(RECORDED DATA Opens)

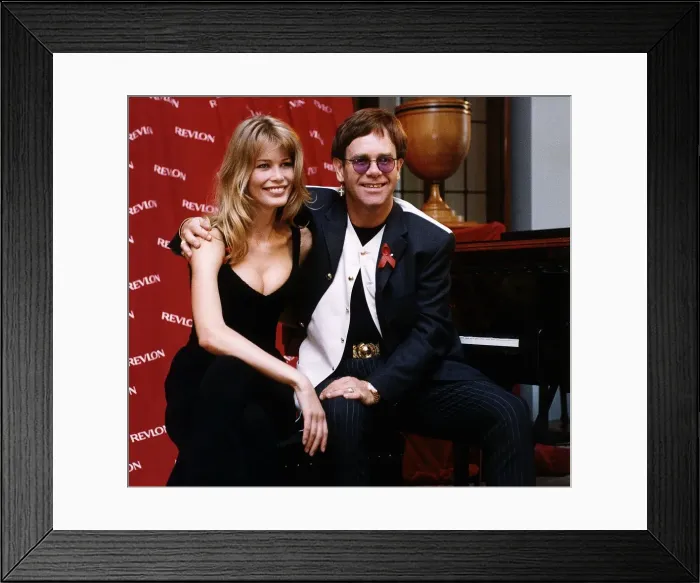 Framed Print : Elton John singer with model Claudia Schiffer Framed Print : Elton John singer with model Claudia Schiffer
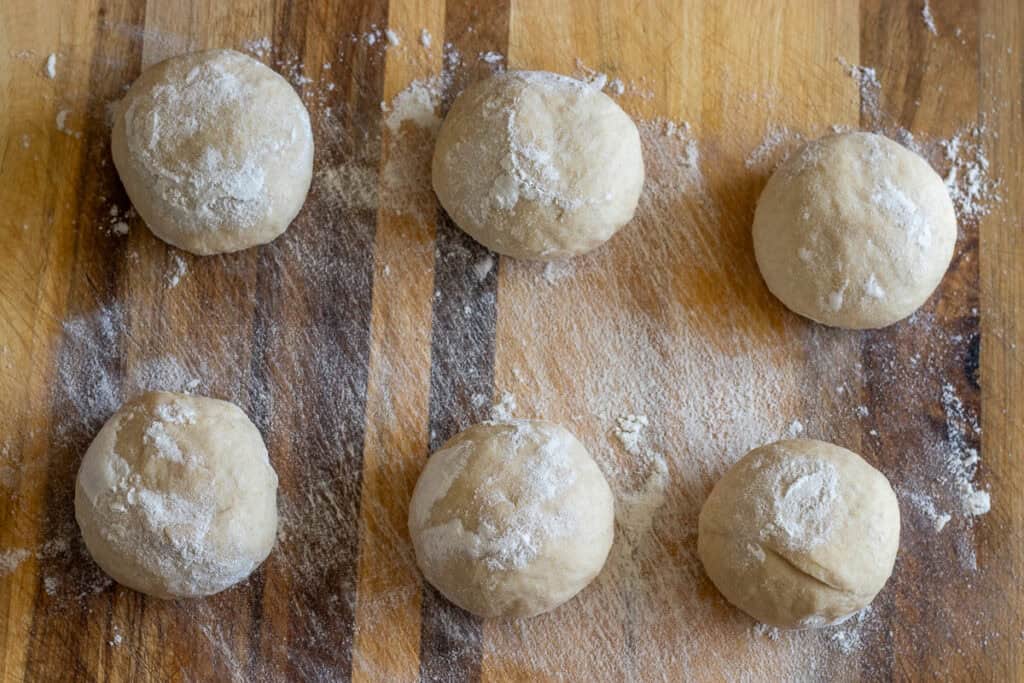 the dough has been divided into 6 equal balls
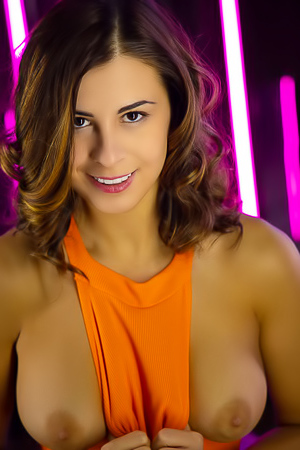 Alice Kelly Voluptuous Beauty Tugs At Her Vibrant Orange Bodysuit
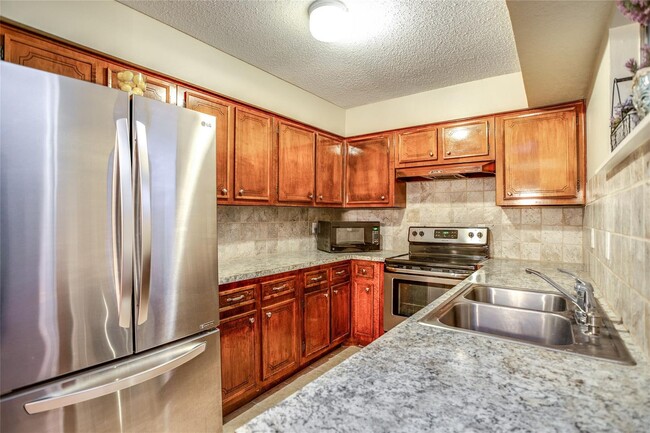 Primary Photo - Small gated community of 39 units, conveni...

(RECORDED DATA Closes)

* _WHAT THE TASK REQUIRES_: Return the whole listing word for word, minus its pictures.

* _OUTPUT FOR THIS EXERCISE_:
 Framed Print : Elton John singer with model Claudia Schiffer Framed Print : Elton John singer with model Claudia Schiffer
 the dough has been divided into 6 equal balls
 Alice Kelly Voluptuous Beauty Tugs At Her Vibrant Orange Bodysuit
 Primary Photo - Small gated community of 39 units, conveni...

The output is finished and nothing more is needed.